Most parents today are looking for the “secret” to helping their kid find happiness. The ultimate goal of parenthood is to raise happy well-adjusted children that can confidently go into the world. If you asked most parents about their secrets to helping their children find happiness, letting their children fail might not be the first thing they would think of. Most parents would rather do anything else than watch their child struggle with something. They would jump in and rescue them rather than see them hurt. All parents are well-intentioned when they try to protect their children but when kids don’t experience what it’s like to make a mistake or fail at something, they miss the opportunity to learn. Furthermore, they don’t know how to improve for the future. Some parents think putting your kids on a sports academy in Gurgaon or computer classes in Noida will do the trick. Worse, if kids are rescued every time a problem arises then they won’t know how to handle tough situations well by themselves. Which is why when parents let their children make mistakes, they are really helping them find happiness.
My earliest memory of my parents teaching me this valuable lesson was when I was in third class. I was always a good student, it came extremely easy to me, almost a bit too easy. I loved reading and my nose was buried inside a storybook at all times. It sounds like a parent’s dream, but gradually I started ignoring my classes. I disliked classes such as math. Instead, I read books I liked during class because reading came easily to me. One day I brought a report card back home. My teacher didn’t give me a passing grade in math because of my lack of class participation. I was humiliated. I expected my parents to swoop in and talk to the teachers. I was a good student after all? I didn’t deserve this! Instead, my parents sat me down and talked to me.
Here are some great strategies to help your kid find happiness, face failure and learn from the experience:
1. “What was your role in this?”
When my parents asked me when this happened I blamed the teacher for being boring. I blamed the school. I blamed everyone but myself. I got defensive, “I was reading! Don’t you want me to read!” But, eventually the defenses and excuses melt away and you see that you are the one that made the mistake. If you want your children to learn from their mistakes they need to know what role that had in the failure and you need to talk to them about it. When you ask your children what happened this is how they can learn and improve for the future.
2. “How will you handle this differently next time?”
Whether it’s losing a sports game or getting a failing grade, how your child handles it differently the next time is what is going to help them respond healthier to challenges they face. When you talk to them about what happened to try empathizing and saying, “I can tell this was a hard experience for you but what would you do differently next time?” Don’t solve the problems for them; allow them to build up their thinking skills to come to the conclusion themselves.
3. “What did you learn from this experience?”

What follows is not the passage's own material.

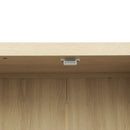 4 Door Storage Cabinet With 1 Drawer And 4 Adjustable Inner Shelves - Natural by HouseOfZazla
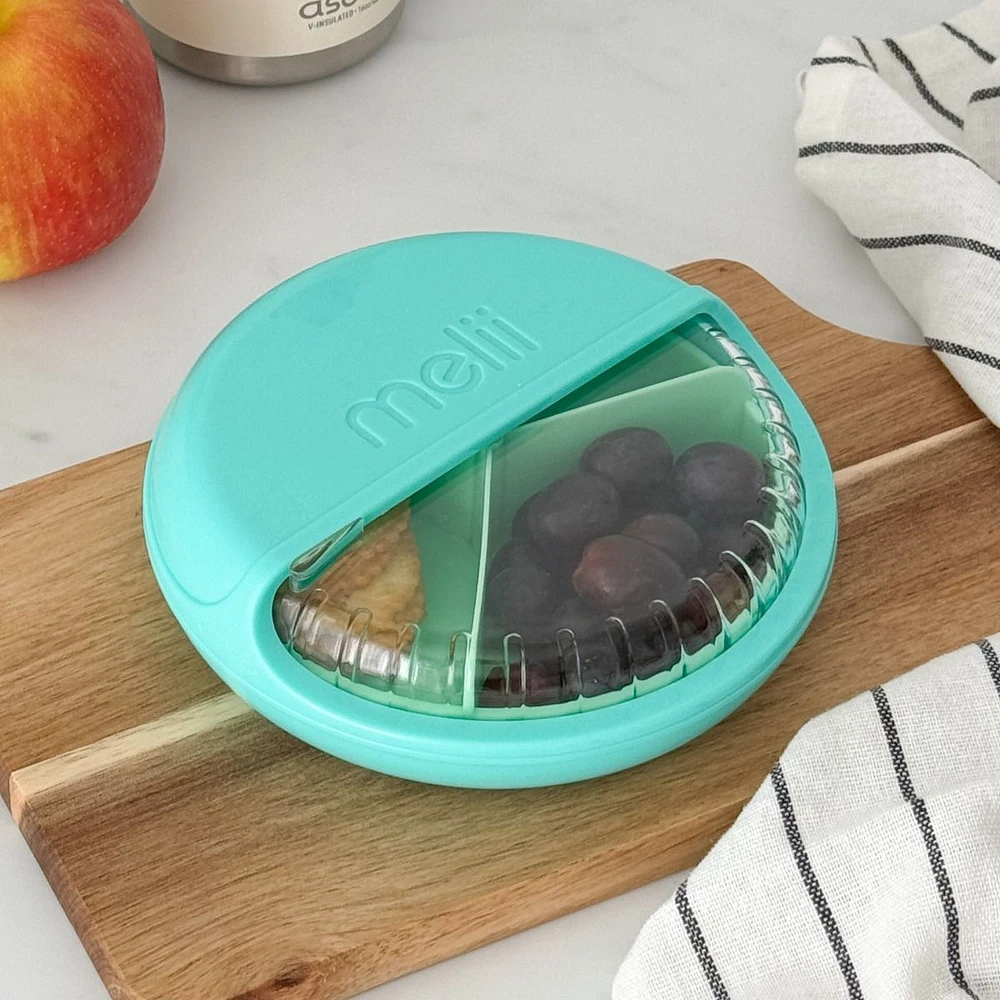 Spin Snack Container by Melii Baby - Blue/Mint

By asking them what they learned you put the responsibility back on your child. Emphasize the positives of learning from your mistakes. You can even share your own experiences or talk to them about how many successful people in the world started out as “failures”. Albert Einstein is rumored to have flunked math. Steve Jobs was fired from his own company, only to return a few years later and build Apple to being one of the biggest tech companies in the world.
Life is full of challenges and as parents, we want to help set up our children to handle those challenges in the best way possible. There is life beyond science and arts as you can always opt for personality development classes in Delhi. They help you learn things beyond studies. Early experiences with failure will help them learn how to handle those challenges and find happiness.